UNCLAS MADRID 004409


S/CT FOR REAP

E.O. 12958: N/A
TAGS: PTER SP
SUBJECT: SPAIN: 2003 ANNUAL TERRORISM REPORT

Spain's counterterrorism efforts focused both on combating
ETA terrorism and in taking action against suspected al
Qaeda operatives in Spain. ETA activity dropped
significantly in 2003 due to tougher laws, increased police
and judicial pressure, and effective international
cooperation, particularly with France. Spanish police and
Spain's independent judiciary continued to take action
against al Qaeda operatives in Spain during 2003. In
September 2003, Spanish Judge Baltasar Garzon indicted Osama
Bin Laden and 34 other al Qaeda members or suspects (ten of
whom are in Spanish custody). In January 2003, Spanish
police arrested 16 North Africans suspected of links to the
al Qaeda network. Judge Ruiz Polanco later released them
for insufficient evidence, although the investigation
remains open. Spain has been a strong proponent of
international counterterrorism cooperation, both within the
EU and as Chairman of the UN Counterterrorism Committee.
Spain passed a new terrorist finance law in 2003.

Following is the 2003 terrorism report submission for Spain.

A. GOS SUPPORT FOR GLOBAL ANTI-TERRORISM COALITION
--------------------------------------------- -----

1. Actions against Al Qaeda Operatives

Building on arrests made in 2001 and 2002, Spanish police
made additional arrests of Al Qaeda suspects during 2003.

In January, police arrested 16 North African (mostly
Algerian) nationals in Catalunya suspected of having ties
with al Qaeda operatives in the UK and France. In the
course of the arrests, Spanish police seized manuals on
chemical war, chemical products, and fraudulent IDs and
passports. Judge Ruiz Polanco provisionally closed the case
on June 24 after a Spanish lab report on the chemical
evidence proved inconclusive. However, Ruiz Polanco
reopened the case in September after receiving a lab report
from the FBI. The FBI report maintained that substances
confiscated with the suspects, when mixed with other
components, could result in homemade napalm. Out of the
sixteen suspects, the Judge re-interrogated four (Mohamed
Nebbar, Mohamed Taharaoui, Djamel Boudjeltia, and Ali
Kaouka) on September 30, and later re-released them, but
this time on bail. The case remains open.

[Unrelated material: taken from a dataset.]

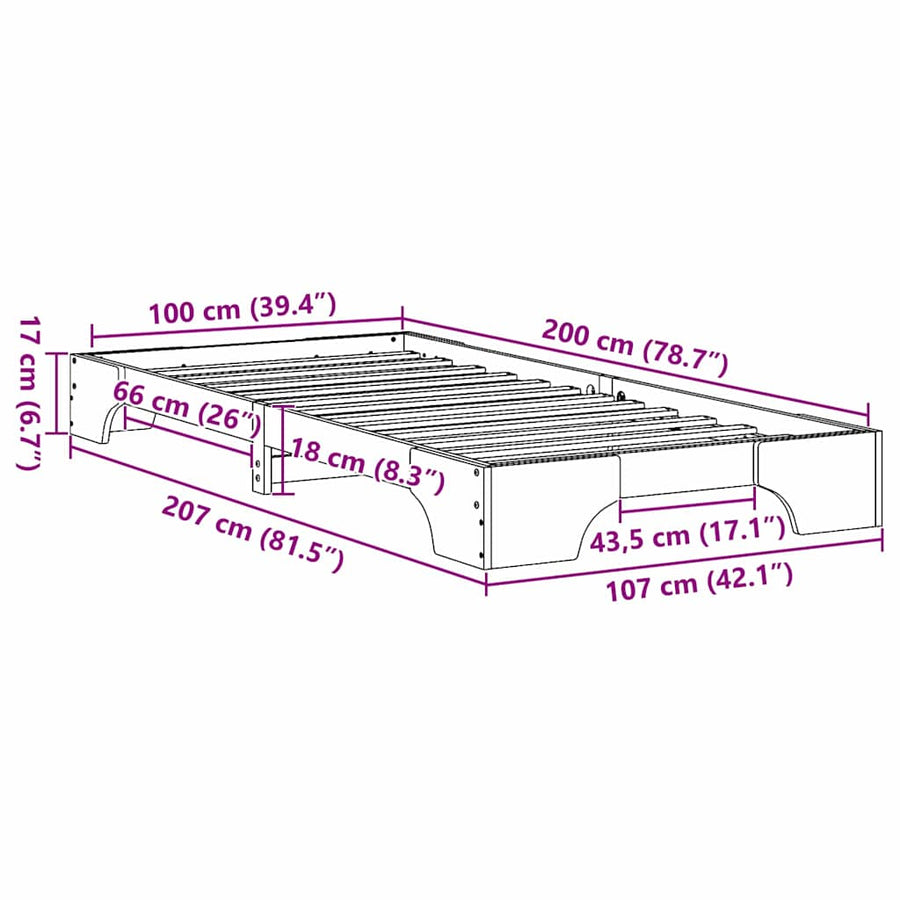 Bed Frame Wasbruin 100x200 cm Massief Grenenhout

On March 7, Spanish national police in Valencia arrested
four Spaniards and one Pakistani. They were accused of
belonging to a financial network involved in laundering
money that was then sent to al Qaeda operatives. The
Spanish Ministry of Interior also linked these suspects to a
terrorist attack that took place in April 2002 in Yerba,
Tunisia, in which 19 people were killed. On March 12, 2003
Judge Isabel Moreno ordered two of these suspects (Spaniard
Enrique Cerda and Pakistani Ahmed Ruksar) remanded to prison
pending further investigation of the case. The other three
suspects were released.

On August 6, Algerian national Diaouad Albdelhai was
arrested in Lloret de Mar, Catalunya. Germany had sought
his arrest for association with Abdelrazak Mahdjoub, who was
arrested in Hamburg the week before (Mahdjoub reportedly
confessed he was planning terrorist attacks in Costa del
Sol, Spain). Germany requested Albdelhai's extradition on
September 4; the request is still pending.

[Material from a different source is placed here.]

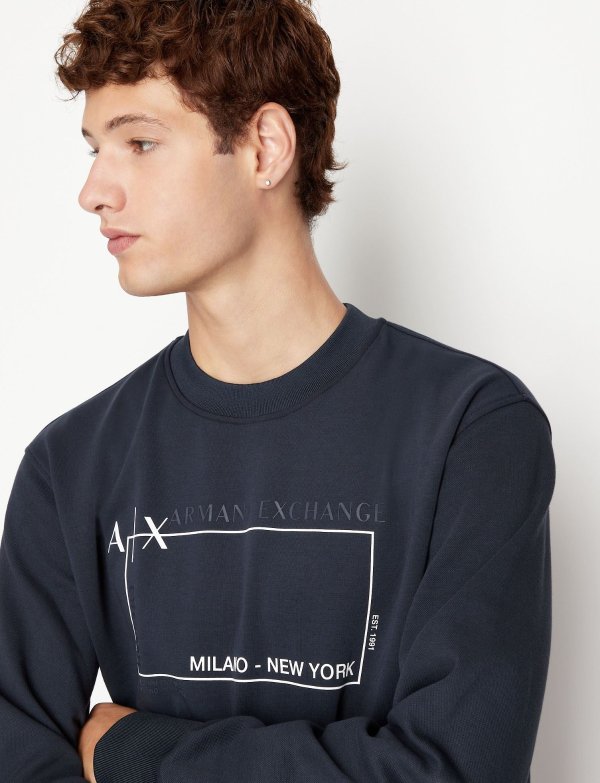 COTTON BLEND CREW NECK SWEATSHIRT, Sweatshirt for Men | A|X Online Store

On September 5, police arrested Taysir Alony, a Syrian-born
Spanish national and journalist with the Al Yazira TV
network. Judge Garzon accused Alony of being part of an al
Qaeda cell that was arrested (on Garzon's order) in November
2001. The leader of the cell is Syrian-born Spanish
national Eddin Barakat Yarkas. Alony was also accused of
passing funds on behalf of al Qaeda during his travels to
Afghanistan. On September 11, Judge Garzon remanded Alony
to jail without bail. However, in October, another Spanish
judge set Alony free on 6,000 euros bail, citing health
reasons.

On September 18, Spanish police arrested in Alicante,
Granada and Madrid the following people: Moroccan citizen,
Saddik Merizak, as well as Syrian citizens Hassan Alhusein;
Jamal Hussein Hussein; Waheed Kalami; and Ahmad Koshagi
Kalami. All of them were accused by Judge Garzon of giving
logistical and propaganda support to al Qaeda and of having
ties with Eddin Barakat Yarkas and his al Qaeda cell. They
were sent to prison on September 21, except for Jamal
Hussein who was released on 60,000 euros bail.

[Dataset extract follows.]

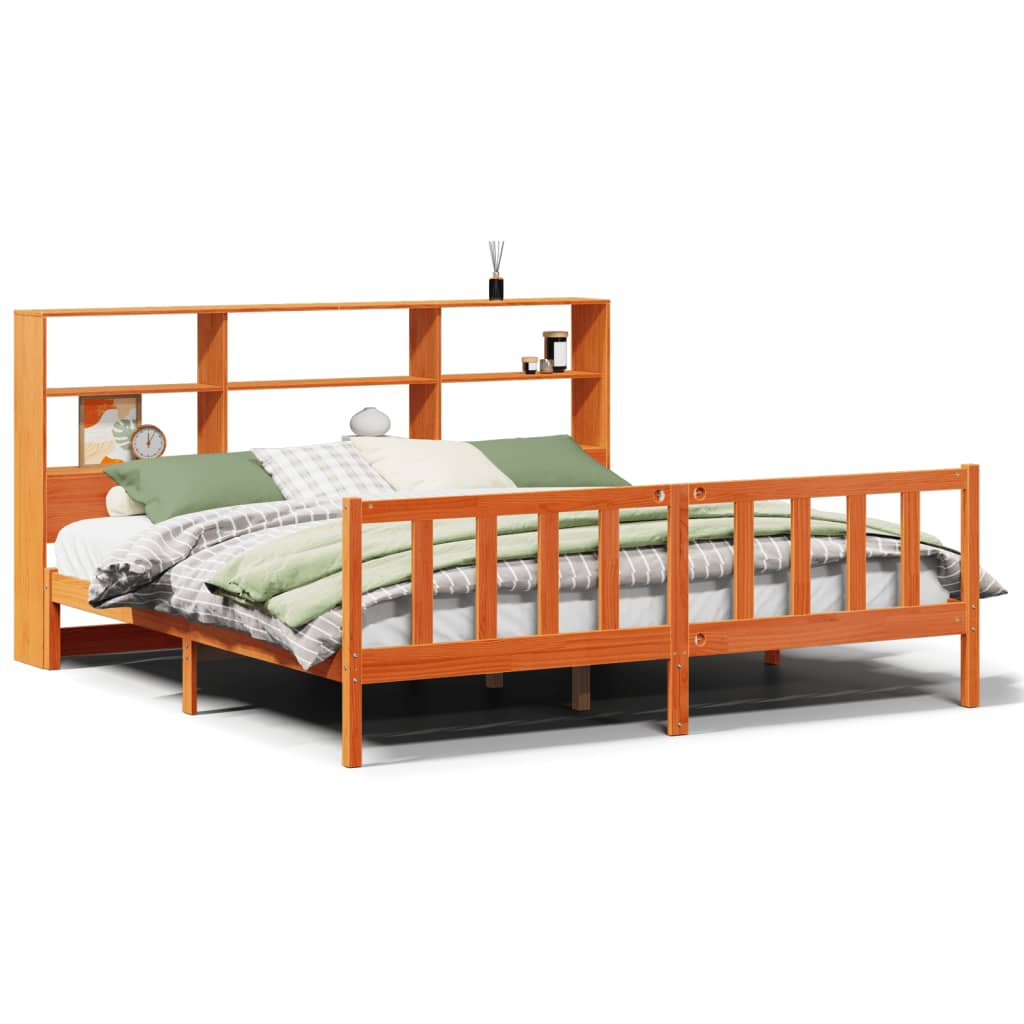 Bed met boekenkast zonder matras grenenhout wasbruin 200x200 cm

2. Blocking of terrorist assets

Spain has cooperated with the U.S. in blocking terrorist
assets. The Spanish Parliament passed new legislation in
May 2003 to improve the blocking of terrorist financing.

The new law permits the blocking of suspected terrorist
accounts by Spanish executive branch action and creates an
inter-ministerial commission on terrorism finance. Prior to
the passage of this law, Spanish authorities had to obtain a
court order before they could freeze accounts. The
Parliament also passed new legislation in July to stiffen
penalties for money laundering, which will also impede
terrorist financing.

In May 2003, the United States included Batasuna, the
political wing of the terrorist organization ETA, on its
terrorist finance list. In June 2003, the EU also included
Batasuna in its lists of terrorist organizations.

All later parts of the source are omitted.